→ The task:
Write out each line below precisely, passing over the pictures.

(Pictures with short captions)
<<<<
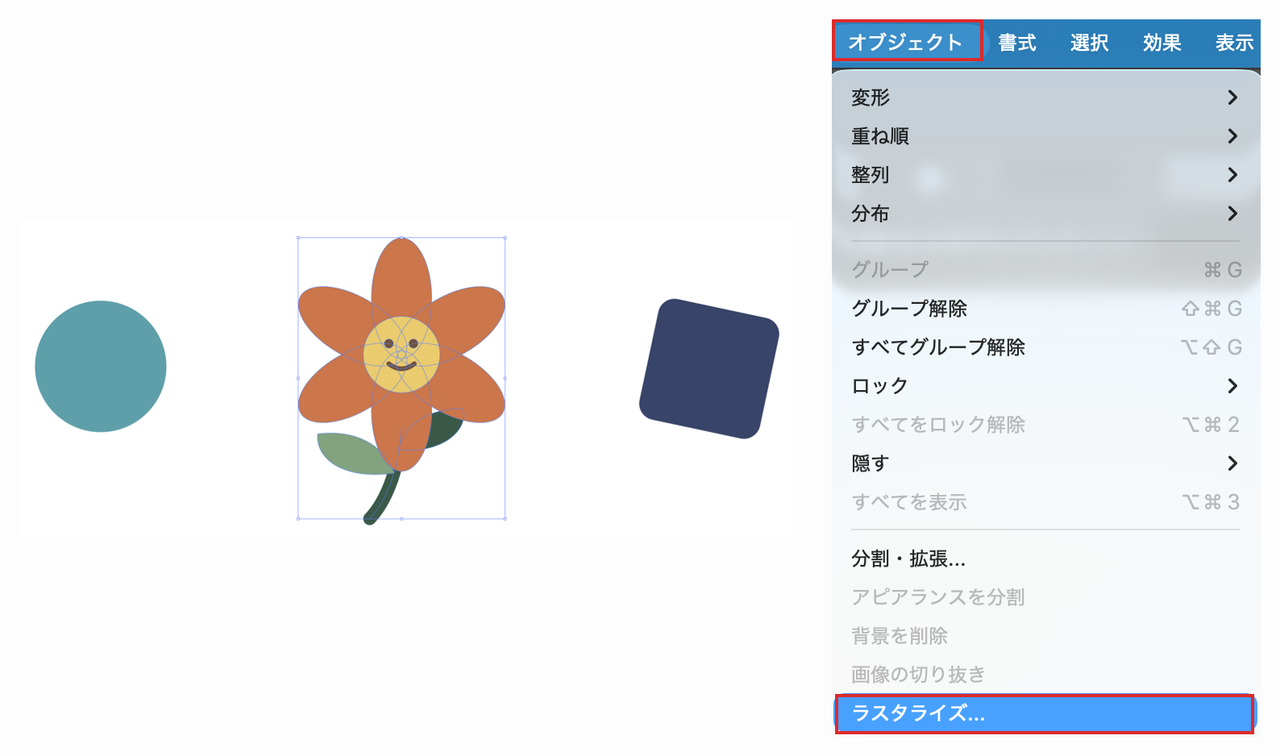 円と四角は選択せず花だけを選択したIllustrator画面と、オブジェクトメニューのラスタライズ項目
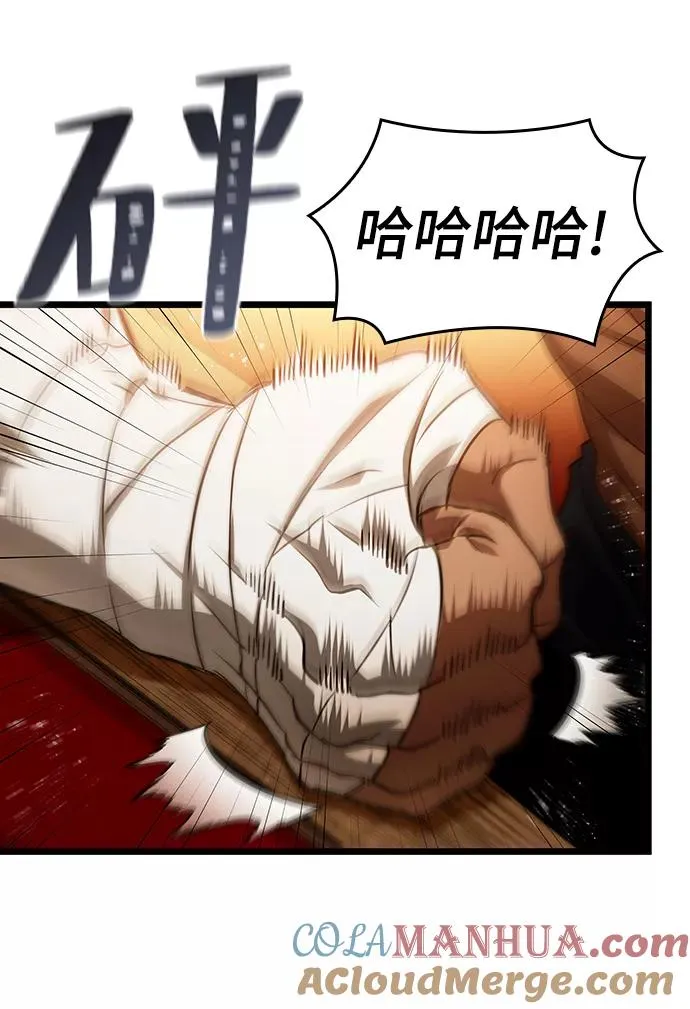 第33话75
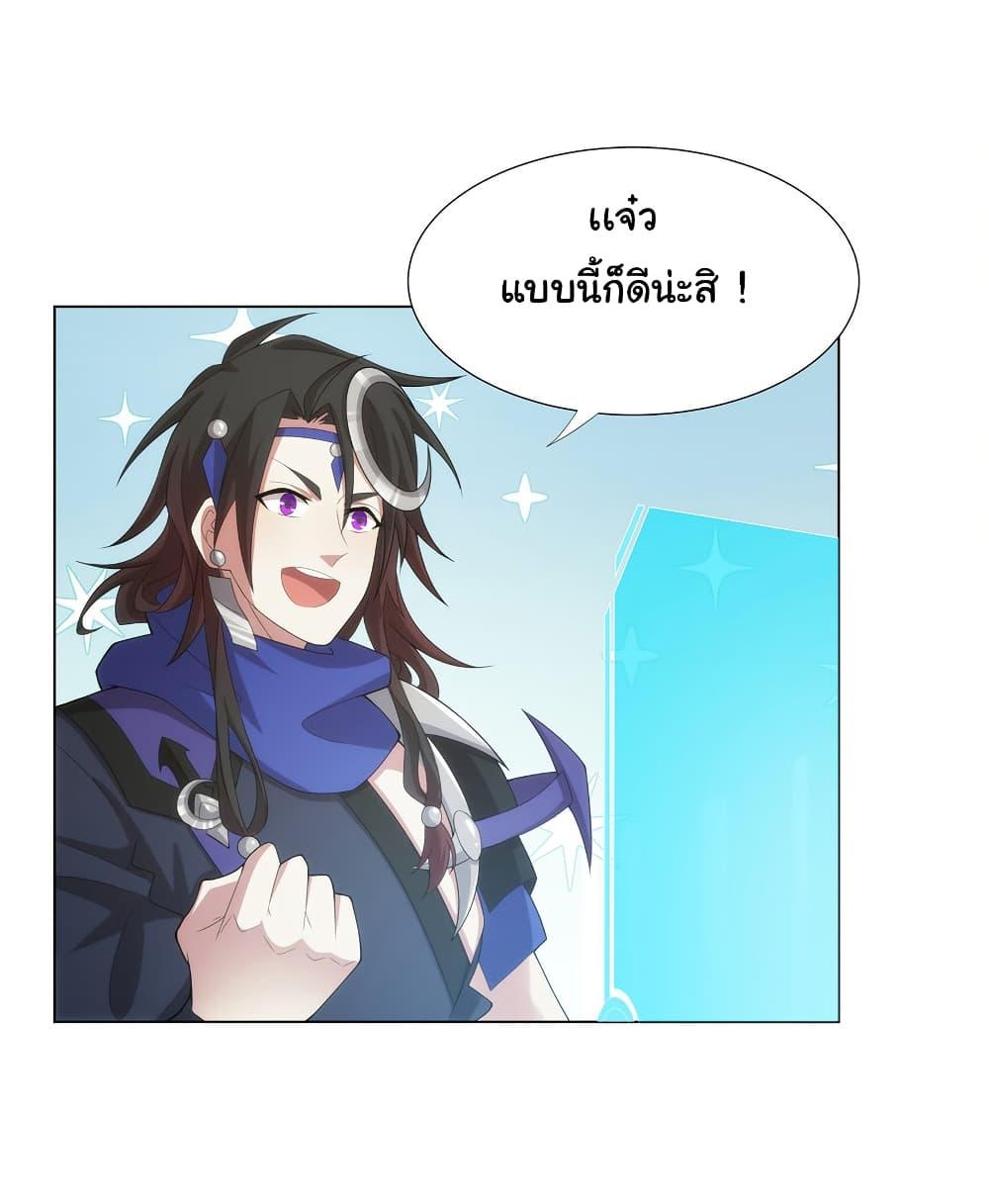 Manga-lc-com อ่านมังงะ อ่านการ์ตูน ออนไลน์ ฟรี I Became The Buddha Emperor In The Demon Sect ตอนที่ 1 2 3 4 5 6 7 8 9 10 11 12 13 14 ฟรี ไม่มีโฆษณา Manga-lc - อ่าน มังงะ อ่าน การ์ตูน ออนไลน์ อ่านมังงะ ฟรี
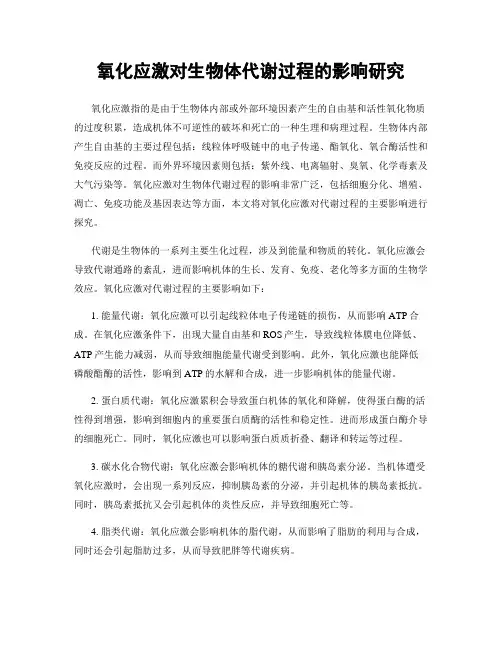 氧化应激对生物体代谢过程的影响研究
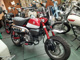 Фото Honda MONKEY 125 ABS 2018 с японского аукциона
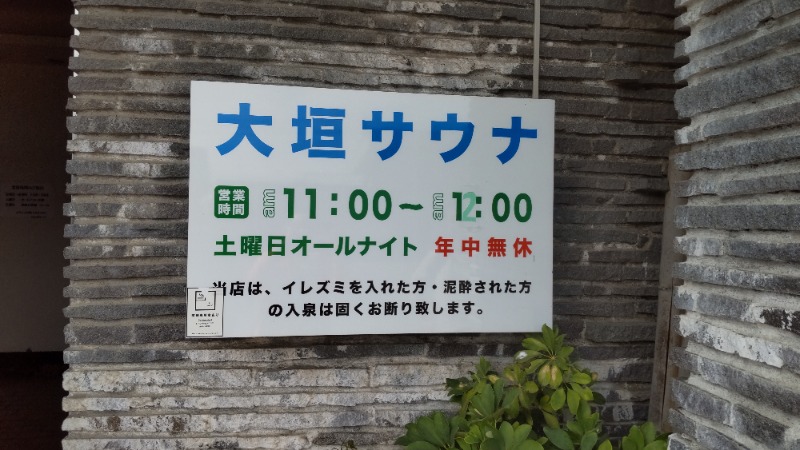 亀遊舘  横浜市金沢区さんの大垣サウナのサ活写真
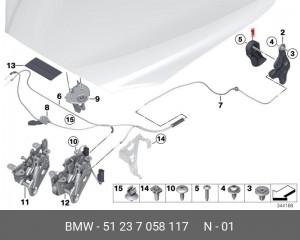 BMW X1 E84 (2009>) 51 23 7 058 117 BMW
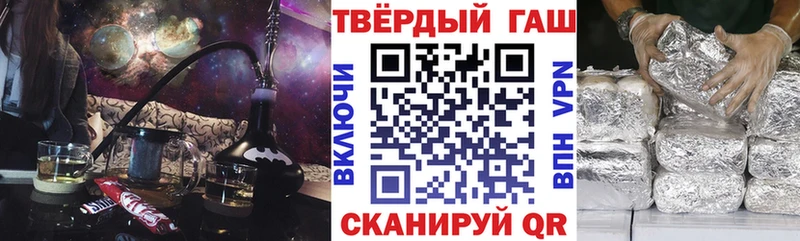 ГАШИШ ice o lator  где купить наркоту  Челябинск 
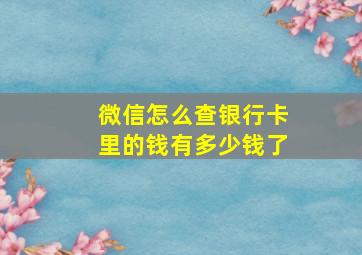 微信怎么查银行卡里的钱有多少钱了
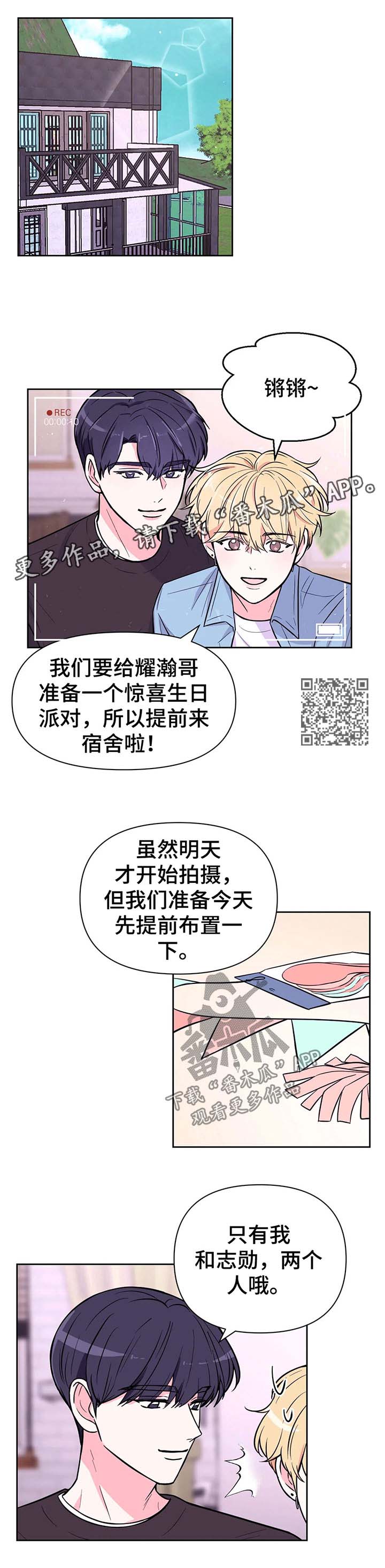 第50话3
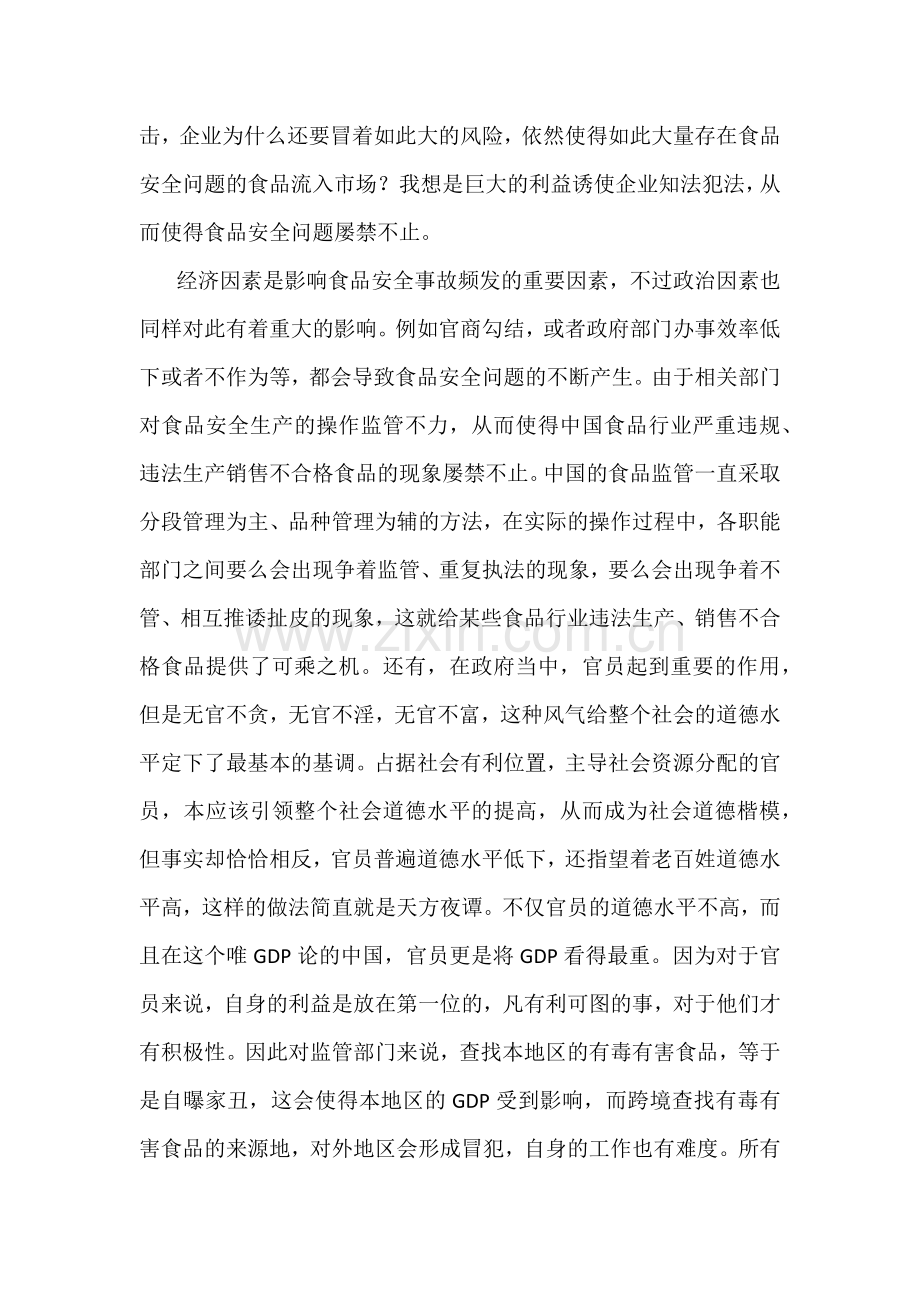食品与食品安全的政治.docx_第2页
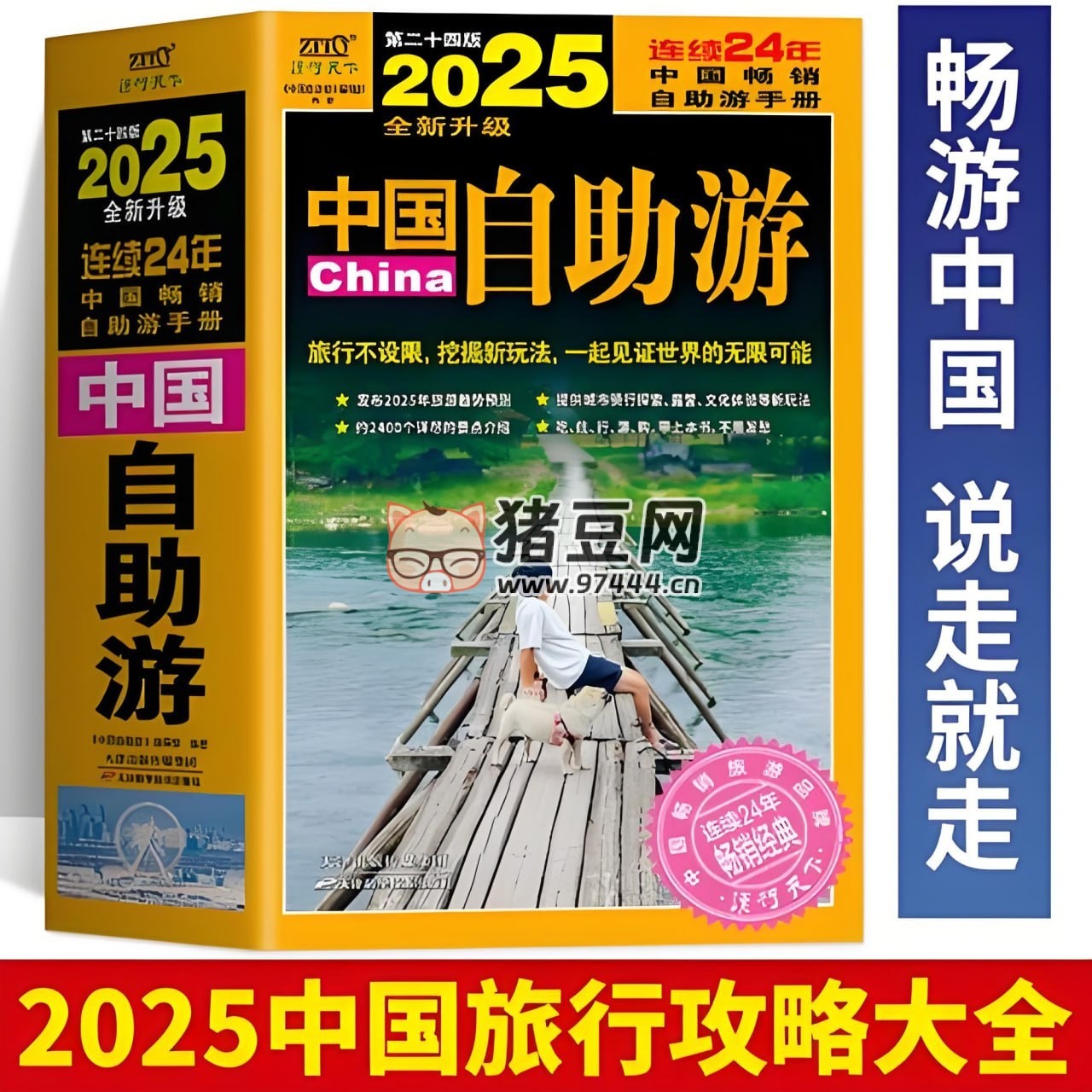 《2025 中國自助游》電子書 行遍中國的保姆級指南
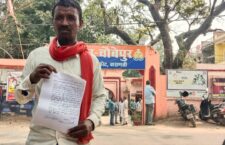 Varanasi news, Police filed late case of molestation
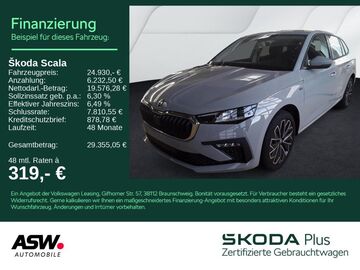 Gebrauchte Skoda Scala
>>>>
→ Exercise solution:
 円と四角は選択せず花だけを選択したIllustrator画面と、オブジェクトメニューのラスタライズ項目
 第33话75
 Manga-lc-com อ่านมังงะ อ่านการ์ตูน ออนไลน์ ฟรี I Became The Buddha Emperor In The Demon Sect ตอนที่ 1 2 3 4 5 6 7 8 9 10 11 12 13 14 ฟรี ไม่มีโฆษณา Manga-lc - อ่าน มังงะ อ่าน การ์ตูน ออนไลน์ อ่านมังงะ ฟรี
 氧化应激对生物体代谢过程的影响研究
 Фото Honda MONKEY 125 ABS 2018 с японского аукциона
 亀遊舘  横浜市金沢区さんの大垣サウナのサ活写真
 BMW X1 E84 (2009>) 51 23 7 058 117 BMW
 ГАШИШ ice o lator  где купить наркоту  Челябинск 
 微信怎么查银行卡里的钱有多少钱了
 第50话3
食品与食品安全的政治.docx_第2页
 《2025 中國自助游》電子書 行遍中國的保姆級指南
 Varanasi news, Police filed late case of molestation
 Gebrauchte Skoda Scala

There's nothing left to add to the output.